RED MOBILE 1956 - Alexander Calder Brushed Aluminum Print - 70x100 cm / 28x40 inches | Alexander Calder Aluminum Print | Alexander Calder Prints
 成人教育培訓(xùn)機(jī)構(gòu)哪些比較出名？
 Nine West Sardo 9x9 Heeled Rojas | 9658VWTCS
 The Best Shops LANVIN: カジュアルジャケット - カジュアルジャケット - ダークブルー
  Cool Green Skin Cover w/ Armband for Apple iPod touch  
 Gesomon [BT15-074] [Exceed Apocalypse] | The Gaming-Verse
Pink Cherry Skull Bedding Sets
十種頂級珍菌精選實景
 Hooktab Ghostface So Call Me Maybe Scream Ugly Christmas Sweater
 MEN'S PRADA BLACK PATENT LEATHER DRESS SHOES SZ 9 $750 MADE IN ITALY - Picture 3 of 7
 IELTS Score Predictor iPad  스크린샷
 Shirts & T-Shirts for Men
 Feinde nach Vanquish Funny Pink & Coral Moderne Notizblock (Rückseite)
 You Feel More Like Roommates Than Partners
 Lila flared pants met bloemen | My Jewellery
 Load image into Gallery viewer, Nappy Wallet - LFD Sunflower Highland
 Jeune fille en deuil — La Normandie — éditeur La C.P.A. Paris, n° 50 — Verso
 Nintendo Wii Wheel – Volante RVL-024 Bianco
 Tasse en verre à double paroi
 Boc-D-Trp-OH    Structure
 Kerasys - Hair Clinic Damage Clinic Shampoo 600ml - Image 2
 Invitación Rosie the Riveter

···

What the exercise asks: All lines from the one containing "Load image into" through the end of the data, and no others, are to be given again word for word.

Expected output:
 Load image into Gallery viewer, Nappy Wallet - LFD Sunflower Highland
 Jeune fille en deuil — La Normandie — éditeur La C.P.A. Paris, n° 50 — Verso
 Nintendo Wii Wheel – Volante RVL-024 Bianco
 Tasse en verre à double paroi
 Boc-D-Trp-OH    Structure
 Kerasys - Hair Clinic Damage Clinic Shampoo 600ml - Image 2
 Invitación Rosie the Riveter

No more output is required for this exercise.